The Hassle Of Being In Debt
A few months ago, I wrote about how we dug ourselves out of debt.Once we cut our expenses and stopped living beyond our means, it didn't take long to make significant progress against the tens of thousands of dollars we owed. And after a few years of struggle and sacrifice, we finally paid everything off. Once all of our consumer debts were gone, we turned our focus to our mortgage.
Because we were young and dumb when we upgraded to our current home, we didn't put a lot of money down. Therefore, we were stuck paying private mortgage insurance. Big mistake. Unfortunately, there was no easy solution to our problem. The only way to remedy the situation was to pay down our mortgage until we reached 22 percent equity in our home. So as usual, we were learning from our mistakes the hard way. By paying private mortgage insurance, we were wasting $135 every single month.
Since only we could fix this problem, our first move was to refinance our mortgage with our current lender from a 30-year loan at 5 percent into a 15-year loan at 3.25 percent. Doing so was a giant leap forward toward our goal of becoming debt free. We were really excited about moving to a 15-year loan and found it psychologically satisfying to be paying so much more toward the principal. And since we were now free of all consumer debt, we started throwing a ton of extra cash at our mortgage every month. Within no time, we reached 22 percent equity, and I was sure that our private mortgage insurance would just magically disappear!

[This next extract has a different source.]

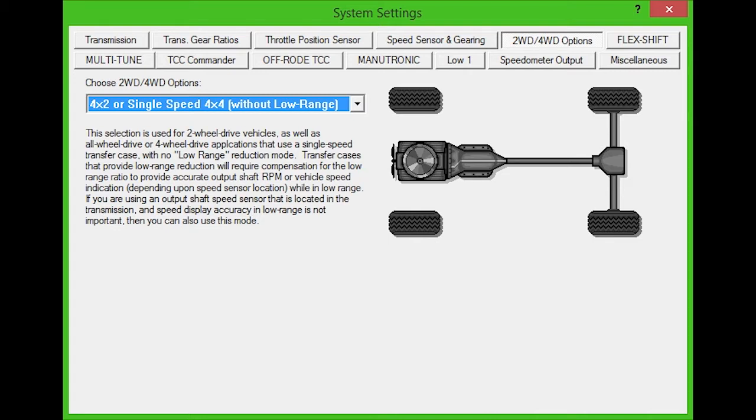The first option in the drop-down box is for two-wheel drive vehicles or four-wheel drive vehicles with a single speed transfer case and no low range. If you are using an output shaft speed sensor in the transmission and speed display accuracy isn't important, then you can use this mode.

A complicated matterNot so fast. A few months after we had accumulated enough equity, I called our mortgage company, MetLife, to see why we were still paying premiums. I had read the Homeowner's Protection Act of 1998, which stated that lenders were required to drop private mortgage insurance automatically once a borrower reached 78 percent in home equity, so I didn't understand why were still being charged. I needed answers. Even though we had far surpassed the equity requirement by this point, MetLife refused to talk to me about it over the phone. Instead, they insisted on mailing out a PMI cancellation packet that would “answer all of my questions.” I waited and waited, and almost a month went by before I received the information. Within the cryptic paperwork, I found out that MetLife required that I get an appraisal to prove that my home hadn't dropped in value. Fine. Unfortunately, the fine print also stated that they wouldn't even consider dropping my private mortgage insurance until I had paid on the loan for 24 consecutive months, regardless of how much equity I had amassed. The hassle of being in debt Of course. Since I had refinanced into a 15-year mortgage, my “new loan” was only 11 months old. And although I typically read all of the fine print in any contract, I obviously missed this important piece of information. If I had known that refinancing would impede my ability to drop my private mortgage insurance, I probably would have waited to refinance in the first place. Although it was my fault for not knowing their PMI cancellation policy, I asked my lender to reconsider their terms. After all, I had been their mortgage customer for over five years. Not surprisingly, they stated that my old loan didn't count and they wouldn't consider dropping the premiums until I had made a payment on the new loan for 24 consecutive months. After 24 months, I could pay for an appraisal and ask for the PMI to be taken off. Even then, they stated that they couldn't guarantee anything. This is what I hate about being in debt. Being in debt means being obligated to someone else. It can mean sorting through pages of fine print to try to prevent yourself from getting screwed. Being in debt means spending time and energy keeping track of how much you owe, and making sure that you aren't paying unnecessary fees or interest.